WORK TO COMPLETE: Every line of the listing must be reproduced as it stands. Leave the images behind.

DATASET EXCERPT:
_____

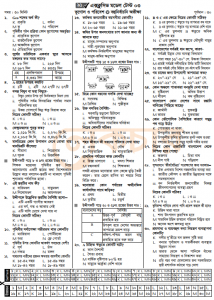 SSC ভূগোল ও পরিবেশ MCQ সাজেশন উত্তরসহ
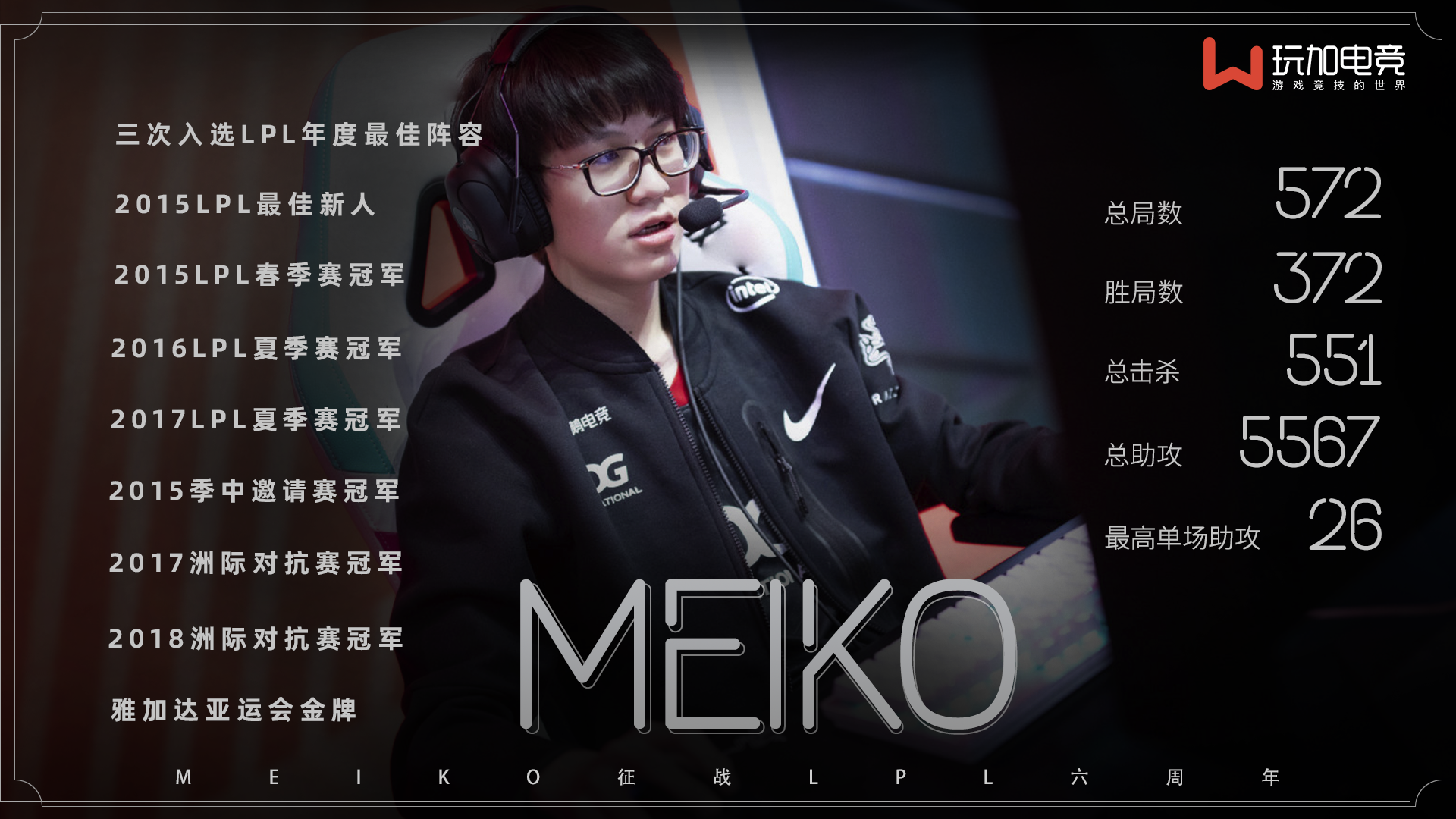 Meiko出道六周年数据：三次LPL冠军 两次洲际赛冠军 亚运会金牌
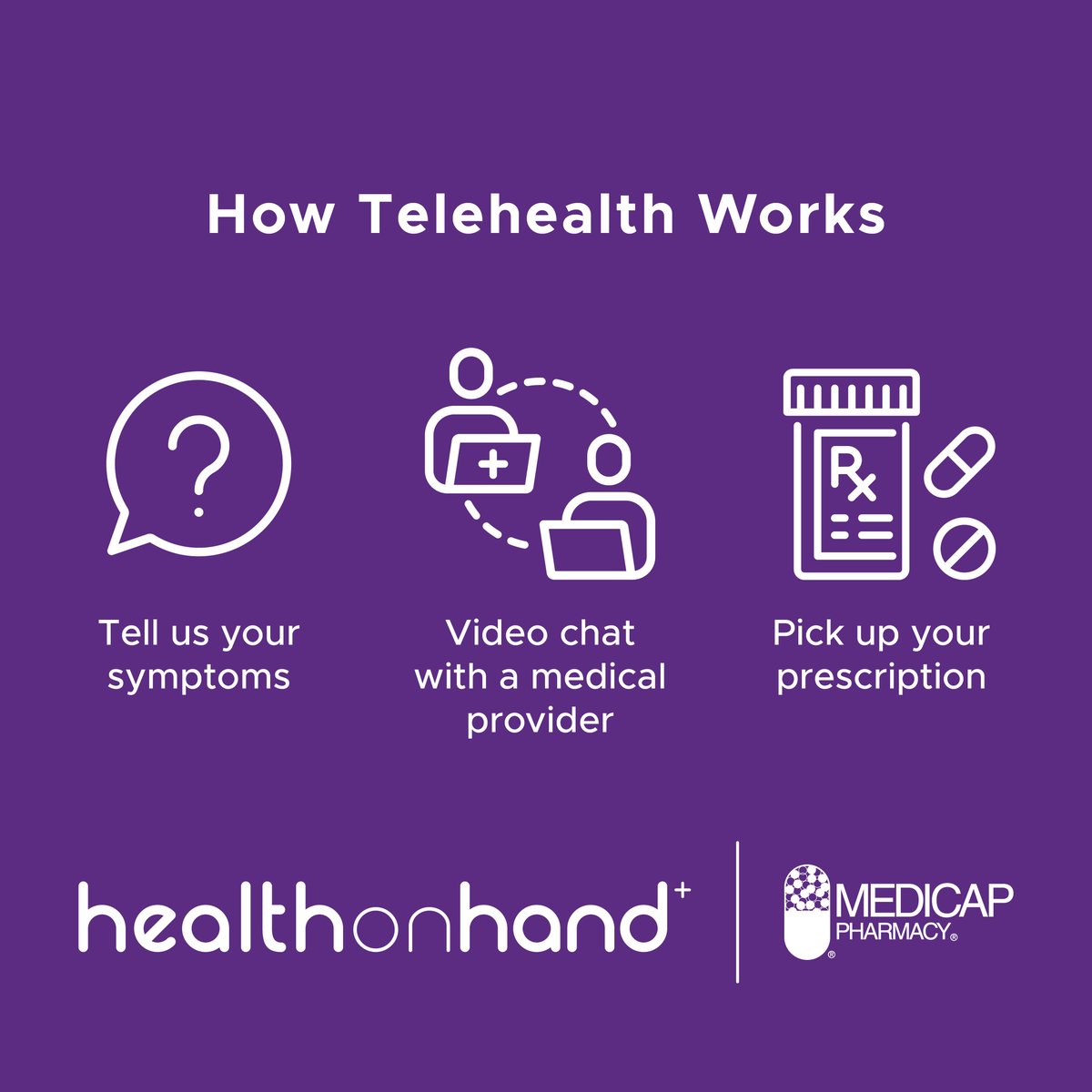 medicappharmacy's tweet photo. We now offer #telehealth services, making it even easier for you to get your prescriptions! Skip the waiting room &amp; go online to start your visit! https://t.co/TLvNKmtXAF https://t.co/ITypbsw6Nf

_____

REPLY TO THE TASK:
 SSC ভূগোল ও পরিবেশ MCQ সাজেশন উত্তরসহ
 Meiko出道六周年数据：三次LPL冠军 两次洲际赛冠军 亚运会金牌
 medicappharmacy's tweet photo. We now offer #telehealth services, making it even easier for you to get your prescriptions! Skip the waiting room &amp; go online to start your visit! https://t.co/TLvNKmtXAF https://t.co/ITypbsw6Nf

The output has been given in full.